Output the data word for word, dropping every image.

▶ _SUPPLIED MATERIAL_:
********

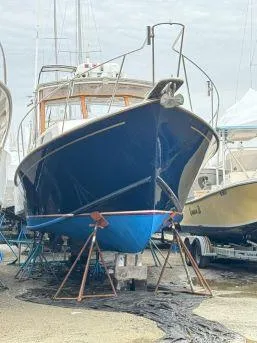 Slide: The Image of 1997 Fortier 33 HT Express boat on stands in a marina. - 14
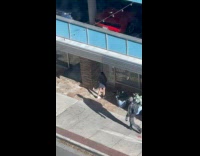 Collab IITW - Woman ate ice cream front of door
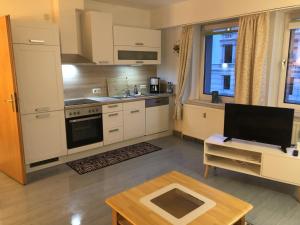 a kitchen with white cabinets and a tv and a table at Moderne Vollmöblierte Wohnung in Zwickau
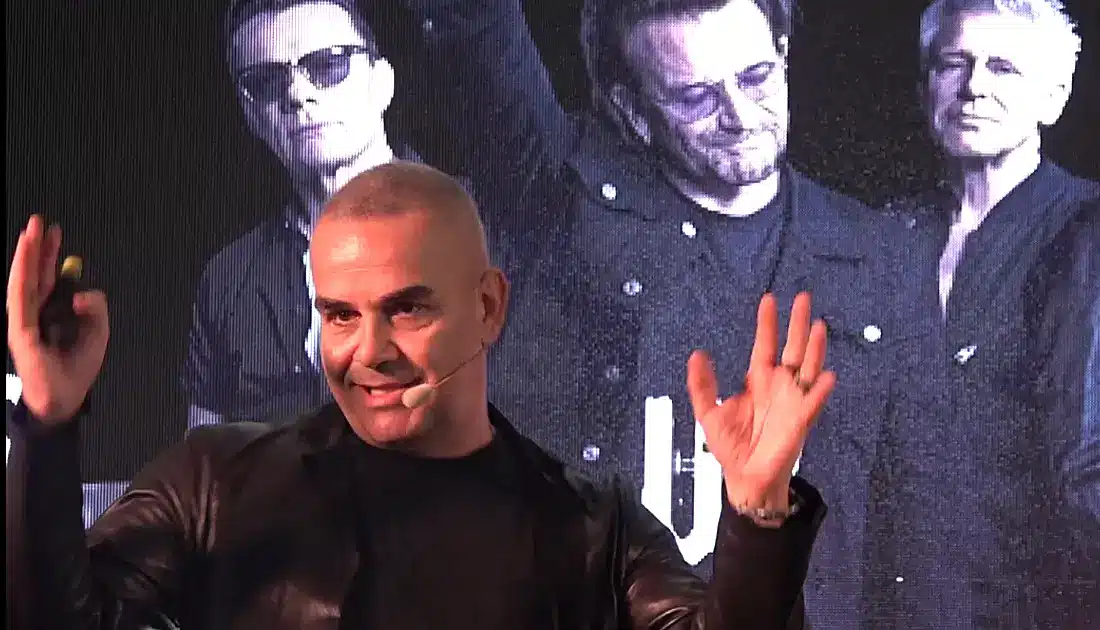 Primo piano di Max Panìco durante il suo intervento. Sul maxischermo alle sue spalle si intravede una fote degli U2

********

▶ _SOLUTION TO THE PROBLEM_:
 Slide: The Image of 1997 Fortier 33 HT Express boat on stands in a marina. - 14
 Collab IITW - Woman ate ice cream front of door
 a kitchen with white cabinets and a tv and a table at Moderne Vollmöblierte Wohnung in Zwickau
 Primo piano di Max Panìco durante il suo intervento. Sul maxischermo alle sue spalle si intravede una fote degli U2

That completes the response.